As part of a custom locustfile.py I need to download a large dataset from a URL and load into memory to generate GET request parameters (download time ~60s; load time takes ~5s). For a single-process locust setup I have used the init event to perform this, and that works fine. However when running with multiple workers (--processes=N) I've run into a few issues with simply using the init event:
Attempt 1: As init is fired once per process, using that event for all workers results in downloading the same files from all processes, which is inefficient and causes problems with files overwriting each other.
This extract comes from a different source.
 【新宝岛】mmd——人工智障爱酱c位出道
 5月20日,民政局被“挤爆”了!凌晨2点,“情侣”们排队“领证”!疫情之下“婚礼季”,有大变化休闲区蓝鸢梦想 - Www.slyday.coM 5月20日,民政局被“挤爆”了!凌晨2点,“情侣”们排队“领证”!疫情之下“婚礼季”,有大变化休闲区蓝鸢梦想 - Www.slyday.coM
Attempt 2: Based on the test_data_management.py example, I tried having master / local runner downloading via init, but deferring the loading (only from disk, re-using the already-downloaded files) until on_start:
@events.init.add_listener
def on_locust_init(environment, **_kwargs):
if not isinstance(environment.runner, WorkerRunner):
# Download (if not exists in local files), read and load
# into environment.dataset
setup_dataset(environment)
...
@events.test_start.add_listener
def setup_worker_dataset(environment, **_kwargs):
if isinstance(environment.runner, WorkerRunner):
# Make the Dataset available for WorkerRunners (non-Worker will have
# already downloaded the dataset via on_locust_init).
setup_dataset(environment, skip_download_and_populate=True)
This seems to work ok if setup_worker_dataset() is quick (less than 1s), however for larger datasets it can take longer, and I see problems with the master / worker communication, and load generation terminates:
locust-swarm-0-f008c40/INFO/locust.runners: Worker locust-swarm-0-xxx failed to send heartbeat, setting state to missing.
locust-swarm-0-f008c40/INFO/locust.runners: Worker locust-swarm-0-yyy failed to send heartbeat, setting state to missing.
locust-swarm-0-f008c40/INFO/locust.runners: The last worker went missing, stopping test.
(Of note setup_dataload() performs blocking / CPU-heavy work, so I expect it's preventing the gevent event loop from running)
Essentially I need a "safe place" to perform some CPU-heavy work at the process/environment level before the User objects start running tasks.